Brave are those who read the source code. I promise it's not intentionally obfuscated -- there's just a lot of unicoding going on, and then copious use of the right-handed saturn operator in perl.

Why would you want code for this rather than a dictionary? Dictionaries are limited to their vocabulary, which is also sensitive to things like tokenization. Having a completely parametric solution seemed much more generalizable.

Why would I possibly want this?

We've been doing a bunch of work recently on simultaneous machine interpretation (aka "real time machine translation"). None of us is a speech person, either in the "recognition" or "synthesis" sense. This unfortunately means that to date, all of our models treat each word as "equally long" when training and, perhaps more importantly, evaluating models. For instance, if we want to measure the décalage (aka time-lag, aka ear-voice-span) between when a Japanese word is "heard" and the corresponding English translation is "spoken", we've been assuming all words take precisely 1 second to speak. This is obviously ridiculous.

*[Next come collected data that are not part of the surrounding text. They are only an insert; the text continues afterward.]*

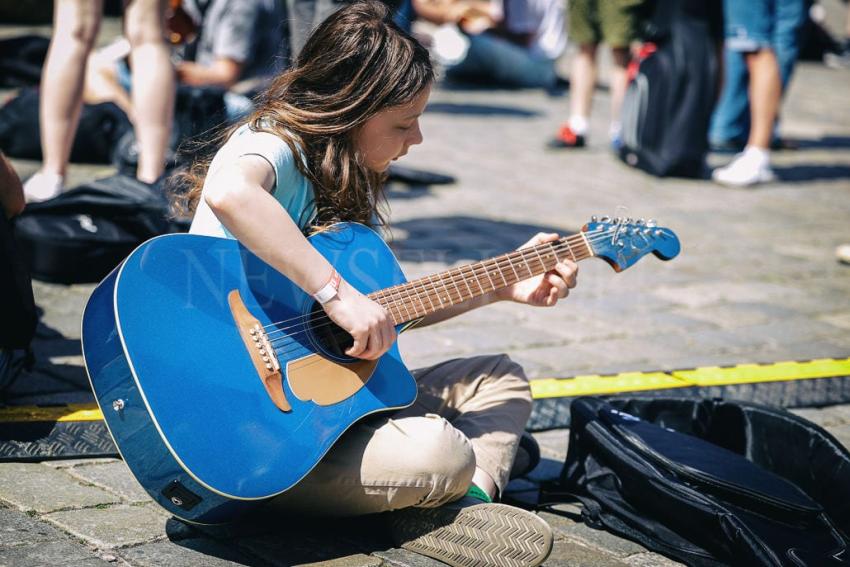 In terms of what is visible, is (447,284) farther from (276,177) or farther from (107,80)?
(107,80)

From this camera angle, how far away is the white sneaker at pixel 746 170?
7137mm

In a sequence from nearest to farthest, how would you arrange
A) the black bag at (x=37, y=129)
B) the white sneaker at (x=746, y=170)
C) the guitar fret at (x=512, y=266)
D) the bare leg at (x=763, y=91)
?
the guitar fret at (x=512, y=266), the black bag at (x=37, y=129), the bare leg at (x=763, y=91), the white sneaker at (x=746, y=170)

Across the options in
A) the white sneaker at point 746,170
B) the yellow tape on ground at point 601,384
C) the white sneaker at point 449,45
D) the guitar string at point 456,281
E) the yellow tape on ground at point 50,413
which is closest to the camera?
the guitar string at point 456,281

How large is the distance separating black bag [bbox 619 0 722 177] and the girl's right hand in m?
4.99

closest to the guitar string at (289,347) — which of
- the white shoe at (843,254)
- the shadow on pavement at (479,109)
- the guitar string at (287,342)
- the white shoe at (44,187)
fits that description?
the guitar string at (287,342)

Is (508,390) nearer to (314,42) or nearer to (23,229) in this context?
(314,42)

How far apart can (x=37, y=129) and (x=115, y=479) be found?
3.59 metres

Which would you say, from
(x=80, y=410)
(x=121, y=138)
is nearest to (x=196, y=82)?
(x=121, y=138)

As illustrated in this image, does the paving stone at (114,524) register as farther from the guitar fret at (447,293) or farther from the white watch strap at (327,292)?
the guitar fret at (447,293)

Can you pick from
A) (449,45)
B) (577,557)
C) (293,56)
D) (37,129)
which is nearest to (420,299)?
(577,557)

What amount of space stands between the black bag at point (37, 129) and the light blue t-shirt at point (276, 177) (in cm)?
340

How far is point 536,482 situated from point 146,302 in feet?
4.10

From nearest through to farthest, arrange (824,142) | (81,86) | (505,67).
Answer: (81,86), (824,142), (505,67)

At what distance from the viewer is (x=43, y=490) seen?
2520mm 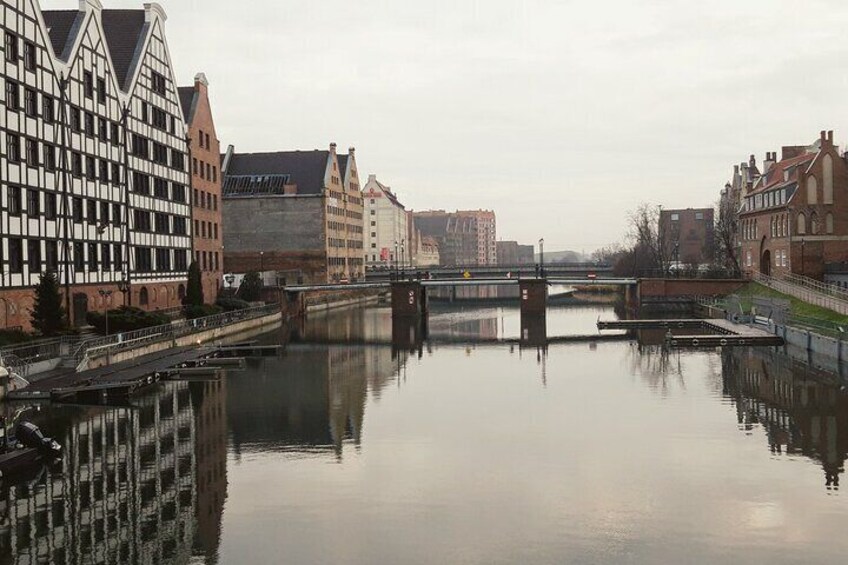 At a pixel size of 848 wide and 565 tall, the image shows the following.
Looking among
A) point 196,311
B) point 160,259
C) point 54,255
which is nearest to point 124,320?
point 54,255

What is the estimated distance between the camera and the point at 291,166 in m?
122

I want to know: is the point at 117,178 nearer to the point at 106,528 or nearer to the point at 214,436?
the point at 214,436

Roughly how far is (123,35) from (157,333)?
26971 mm

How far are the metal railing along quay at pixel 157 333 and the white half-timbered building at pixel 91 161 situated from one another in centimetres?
Result: 353

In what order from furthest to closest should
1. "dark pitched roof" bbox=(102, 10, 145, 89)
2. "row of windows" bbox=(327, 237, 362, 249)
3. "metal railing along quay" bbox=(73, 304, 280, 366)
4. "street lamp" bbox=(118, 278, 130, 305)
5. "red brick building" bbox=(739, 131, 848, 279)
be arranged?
"row of windows" bbox=(327, 237, 362, 249)
"red brick building" bbox=(739, 131, 848, 279)
"dark pitched roof" bbox=(102, 10, 145, 89)
"street lamp" bbox=(118, 278, 130, 305)
"metal railing along quay" bbox=(73, 304, 280, 366)

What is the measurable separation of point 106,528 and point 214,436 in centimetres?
1141

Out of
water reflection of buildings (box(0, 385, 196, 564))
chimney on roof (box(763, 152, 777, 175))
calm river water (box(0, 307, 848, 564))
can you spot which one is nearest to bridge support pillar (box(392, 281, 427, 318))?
chimney on roof (box(763, 152, 777, 175))

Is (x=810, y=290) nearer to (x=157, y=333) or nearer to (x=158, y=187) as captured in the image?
(x=157, y=333)

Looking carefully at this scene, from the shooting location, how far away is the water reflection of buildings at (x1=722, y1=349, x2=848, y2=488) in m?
30.4

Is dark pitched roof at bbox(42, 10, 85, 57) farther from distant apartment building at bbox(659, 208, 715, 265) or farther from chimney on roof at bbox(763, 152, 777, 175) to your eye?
distant apartment building at bbox(659, 208, 715, 265)

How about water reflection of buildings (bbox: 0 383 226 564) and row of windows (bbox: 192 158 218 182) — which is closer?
water reflection of buildings (bbox: 0 383 226 564)

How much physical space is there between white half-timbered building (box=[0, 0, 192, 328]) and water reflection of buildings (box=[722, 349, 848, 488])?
35.4m

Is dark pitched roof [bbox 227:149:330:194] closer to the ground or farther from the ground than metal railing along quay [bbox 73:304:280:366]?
farther from the ground

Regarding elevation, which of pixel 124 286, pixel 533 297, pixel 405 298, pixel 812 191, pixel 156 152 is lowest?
pixel 533 297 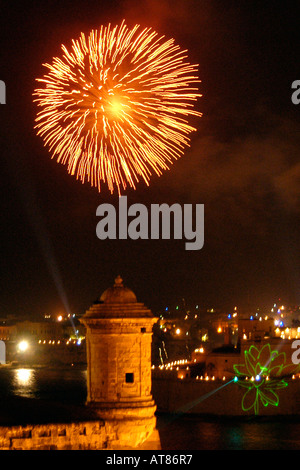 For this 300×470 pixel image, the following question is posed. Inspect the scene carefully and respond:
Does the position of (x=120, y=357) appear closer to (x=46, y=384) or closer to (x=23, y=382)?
(x=46, y=384)

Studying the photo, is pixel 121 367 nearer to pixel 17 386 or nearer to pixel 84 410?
pixel 84 410

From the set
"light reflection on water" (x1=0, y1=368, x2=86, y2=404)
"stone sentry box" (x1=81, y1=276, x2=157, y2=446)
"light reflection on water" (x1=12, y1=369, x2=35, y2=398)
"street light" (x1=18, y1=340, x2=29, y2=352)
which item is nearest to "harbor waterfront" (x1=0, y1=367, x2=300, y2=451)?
"light reflection on water" (x1=0, y1=368, x2=86, y2=404)

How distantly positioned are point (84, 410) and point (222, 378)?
1972 inches

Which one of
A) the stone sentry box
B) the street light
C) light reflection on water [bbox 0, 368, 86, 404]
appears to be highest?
the stone sentry box

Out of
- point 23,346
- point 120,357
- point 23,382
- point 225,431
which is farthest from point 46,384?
point 120,357

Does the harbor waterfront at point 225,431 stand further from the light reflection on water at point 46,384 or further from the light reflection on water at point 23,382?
the light reflection on water at point 23,382

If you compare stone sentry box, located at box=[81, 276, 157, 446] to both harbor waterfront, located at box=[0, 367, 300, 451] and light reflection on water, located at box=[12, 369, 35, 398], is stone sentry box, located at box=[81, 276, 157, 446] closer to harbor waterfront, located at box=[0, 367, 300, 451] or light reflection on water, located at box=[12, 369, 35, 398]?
harbor waterfront, located at box=[0, 367, 300, 451]

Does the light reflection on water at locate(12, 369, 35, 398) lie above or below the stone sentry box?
below

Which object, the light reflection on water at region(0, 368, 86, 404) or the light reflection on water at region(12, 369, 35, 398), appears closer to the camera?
the light reflection on water at region(0, 368, 86, 404)

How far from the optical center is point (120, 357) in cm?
1636

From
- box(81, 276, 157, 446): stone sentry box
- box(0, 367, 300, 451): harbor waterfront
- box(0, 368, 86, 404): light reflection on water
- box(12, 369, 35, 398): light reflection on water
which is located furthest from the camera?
box(12, 369, 35, 398): light reflection on water

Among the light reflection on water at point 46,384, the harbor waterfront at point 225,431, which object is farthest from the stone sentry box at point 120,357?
the light reflection on water at point 46,384

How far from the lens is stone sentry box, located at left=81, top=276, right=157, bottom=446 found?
53.2 feet

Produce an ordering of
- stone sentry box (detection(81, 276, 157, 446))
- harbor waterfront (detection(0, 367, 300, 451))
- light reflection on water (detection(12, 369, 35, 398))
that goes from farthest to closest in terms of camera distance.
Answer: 1. light reflection on water (detection(12, 369, 35, 398))
2. harbor waterfront (detection(0, 367, 300, 451))
3. stone sentry box (detection(81, 276, 157, 446))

One quick and dirty alternative is to use a text-to-speech (aka speech synthesis) system to synthesize a sentence and use its length as an estimate of how long it would take a person to speak it. This is a totally plausible approach since decent open source synthesis software exists (we use such software to crease these one-liners), but it's slow and bloated and can't be easily distributed. This would be more accurate, but I was after a quick and filthy solution.

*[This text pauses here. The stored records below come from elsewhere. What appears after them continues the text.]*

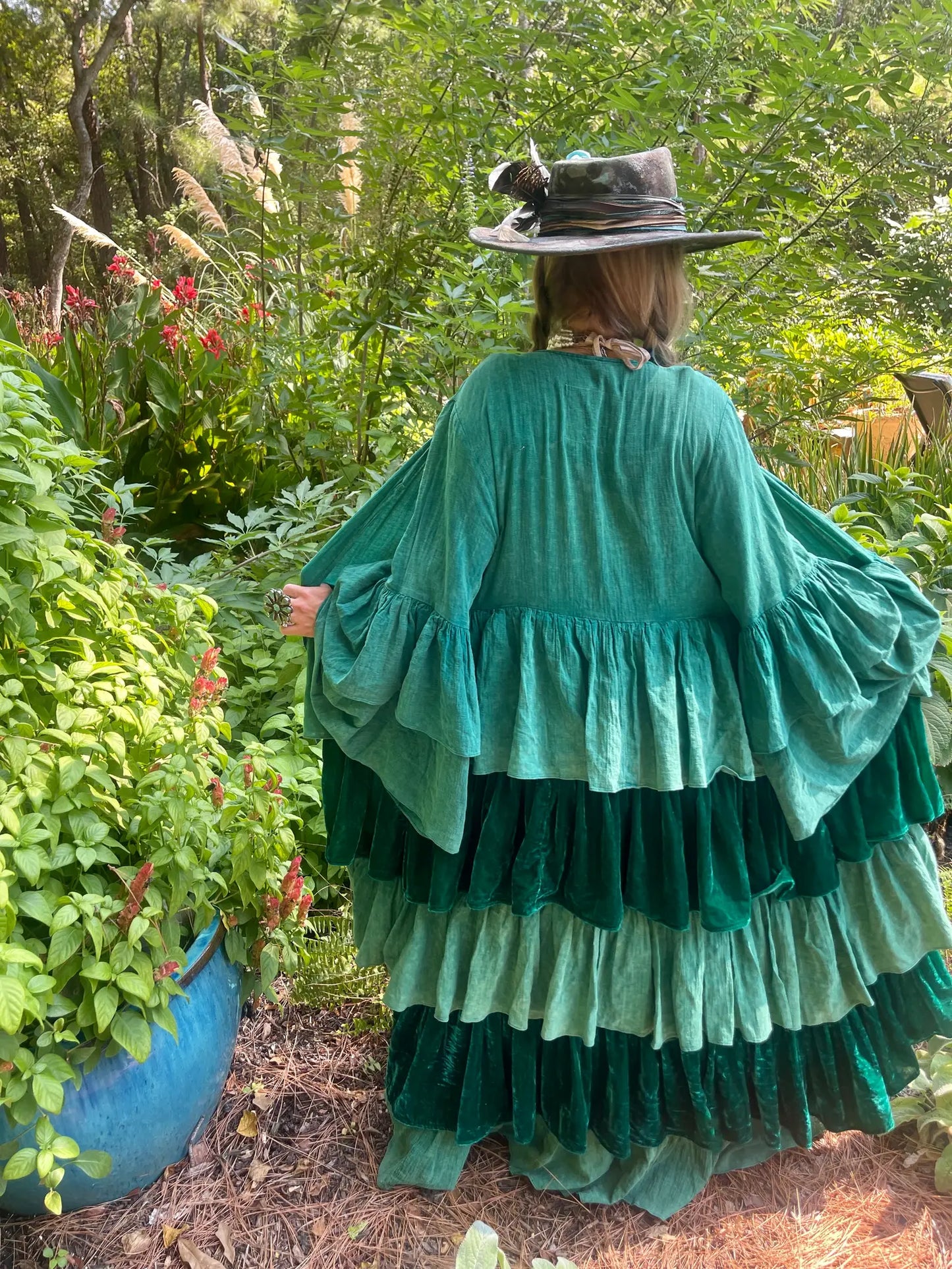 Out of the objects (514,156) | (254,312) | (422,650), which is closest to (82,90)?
(254,312)

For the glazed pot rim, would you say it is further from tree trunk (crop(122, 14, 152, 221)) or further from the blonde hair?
tree trunk (crop(122, 14, 152, 221))

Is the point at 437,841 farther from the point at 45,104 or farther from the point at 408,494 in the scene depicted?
the point at 45,104

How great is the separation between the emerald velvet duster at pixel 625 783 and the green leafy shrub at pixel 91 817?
213 mm

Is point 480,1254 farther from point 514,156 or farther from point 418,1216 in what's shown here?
point 514,156

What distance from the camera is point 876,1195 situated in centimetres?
164

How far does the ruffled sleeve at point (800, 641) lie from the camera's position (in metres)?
1.31

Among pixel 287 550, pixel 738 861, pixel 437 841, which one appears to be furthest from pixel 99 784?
pixel 287 550

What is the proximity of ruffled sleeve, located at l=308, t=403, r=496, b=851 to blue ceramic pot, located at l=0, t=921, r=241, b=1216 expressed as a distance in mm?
539

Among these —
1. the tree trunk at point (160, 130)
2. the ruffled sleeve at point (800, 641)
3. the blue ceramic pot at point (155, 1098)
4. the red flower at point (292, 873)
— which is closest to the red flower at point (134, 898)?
the blue ceramic pot at point (155, 1098)

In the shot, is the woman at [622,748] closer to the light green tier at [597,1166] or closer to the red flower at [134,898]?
the light green tier at [597,1166]

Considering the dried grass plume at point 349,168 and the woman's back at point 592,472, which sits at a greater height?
the dried grass plume at point 349,168

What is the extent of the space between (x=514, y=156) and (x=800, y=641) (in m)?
1.69

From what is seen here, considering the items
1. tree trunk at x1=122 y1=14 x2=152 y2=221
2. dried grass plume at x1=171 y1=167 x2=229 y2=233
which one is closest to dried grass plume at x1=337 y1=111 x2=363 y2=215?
dried grass plume at x1=171 y1=167 x2=229 y2=233

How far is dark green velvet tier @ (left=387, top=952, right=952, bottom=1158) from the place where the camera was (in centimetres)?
155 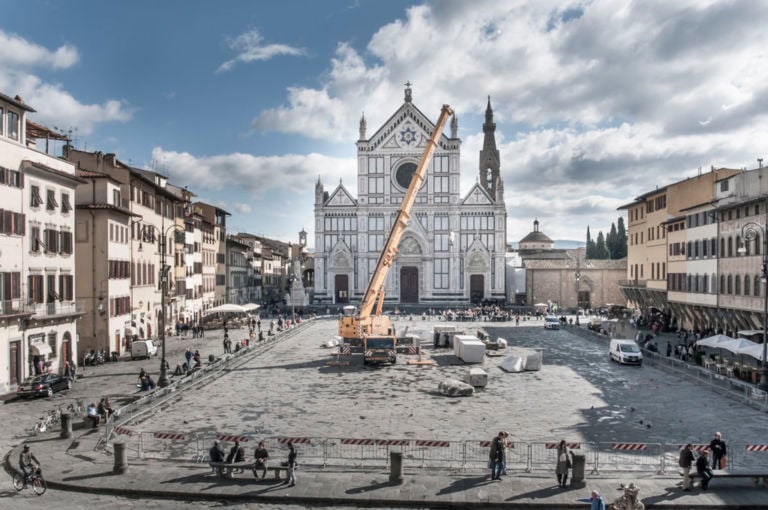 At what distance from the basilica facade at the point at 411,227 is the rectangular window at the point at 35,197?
57443 millimetres

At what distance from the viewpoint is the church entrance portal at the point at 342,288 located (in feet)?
295

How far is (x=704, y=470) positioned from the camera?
16.7 metres

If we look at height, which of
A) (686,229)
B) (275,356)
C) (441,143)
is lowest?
(275,356)

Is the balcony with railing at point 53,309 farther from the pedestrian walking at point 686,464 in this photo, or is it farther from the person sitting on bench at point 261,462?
the pedestrian walking at point 686,464

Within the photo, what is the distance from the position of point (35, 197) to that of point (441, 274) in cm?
6255

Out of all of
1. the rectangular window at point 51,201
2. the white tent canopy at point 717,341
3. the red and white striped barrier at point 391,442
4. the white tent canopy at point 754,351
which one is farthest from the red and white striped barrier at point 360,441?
the white tent canopy at point 717,341

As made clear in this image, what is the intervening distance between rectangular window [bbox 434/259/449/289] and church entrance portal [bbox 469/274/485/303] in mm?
3438

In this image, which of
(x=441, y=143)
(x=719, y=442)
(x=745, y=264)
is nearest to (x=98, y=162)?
(x=719, y=442)

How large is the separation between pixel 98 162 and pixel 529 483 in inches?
1428

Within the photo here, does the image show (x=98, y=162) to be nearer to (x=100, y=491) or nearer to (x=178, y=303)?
(x=178, y=303)

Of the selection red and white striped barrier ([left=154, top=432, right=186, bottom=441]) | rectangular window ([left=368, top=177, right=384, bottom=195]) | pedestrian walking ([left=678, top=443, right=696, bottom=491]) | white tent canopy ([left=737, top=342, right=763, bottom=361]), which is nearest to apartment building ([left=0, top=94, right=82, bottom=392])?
red and white striped barrier ([left=154, top=432, right=186, bottom=441])

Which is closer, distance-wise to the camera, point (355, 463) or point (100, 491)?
point (100, 491)

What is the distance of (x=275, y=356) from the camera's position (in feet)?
141

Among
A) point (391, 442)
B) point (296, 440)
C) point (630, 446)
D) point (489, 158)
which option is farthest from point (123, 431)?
point (489, 158)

How do these scripts work?

There are two functions: one for estimating the amount of time it would take to speak a single word (sayWord in the code), and another for estimating the amount of time it would take to speak a sentence (sayit in the code). I'll first describe how sayWord works; sayit is pretty straightforward.

sayWord works by extracting a bunch of features from the word to be spoken (each of these is a particular regular expression) and evaluating a linear function of the counts of the matches of those regular expressions. The process by which coefficients were generated is explained later. The features are things like: number of characters, number of vowels, number of consonant groups, number of non-letters, number of vowel-consonant switches, number of digits of various lengths, and whether the word starts or ends with a vowel; and then, for each "reasonable" unicode character for European languages, the count of those characters. Not all of these features appears for each language because I used l1 regularization to prune down the feature set.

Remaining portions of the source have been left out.